EXERCISE OBJECTIVE -> Since only part of the material below is wanted, output exactly the lines from the one with "PURESS Cold Pressed" up to and including the one with "Fusta de blugi".

STUDY MATERIAL ->
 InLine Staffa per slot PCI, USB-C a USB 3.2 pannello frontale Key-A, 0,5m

...

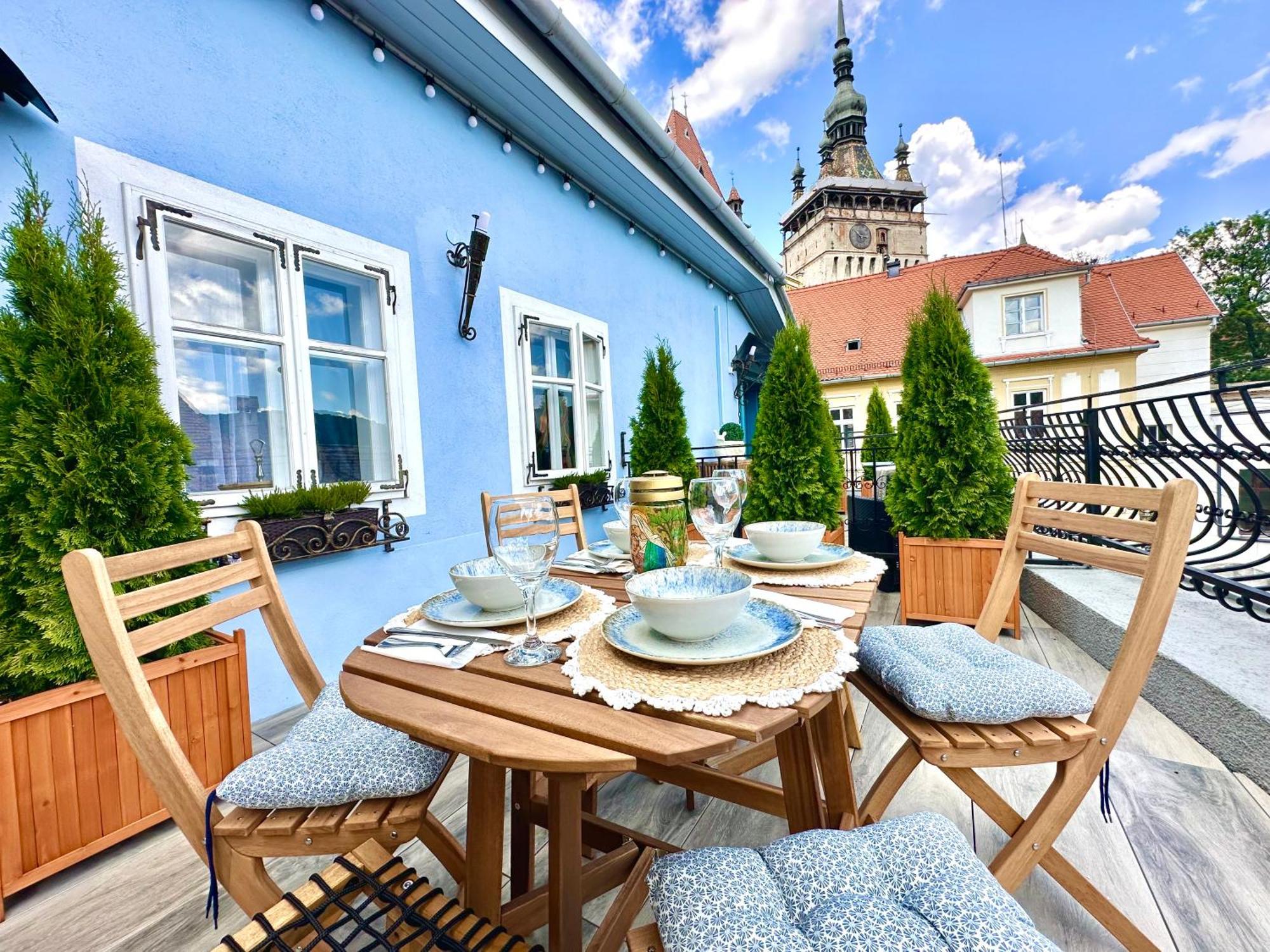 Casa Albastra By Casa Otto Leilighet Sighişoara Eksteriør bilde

==

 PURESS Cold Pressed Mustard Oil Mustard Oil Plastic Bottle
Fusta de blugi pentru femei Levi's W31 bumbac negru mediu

RESPONSE AREA ->
 PURESS Cold Pressed Mustard Oil Mustard Oil Plastic Bottle
Fusta de blugi pentru femei Levi's W31 bumbac negru mediu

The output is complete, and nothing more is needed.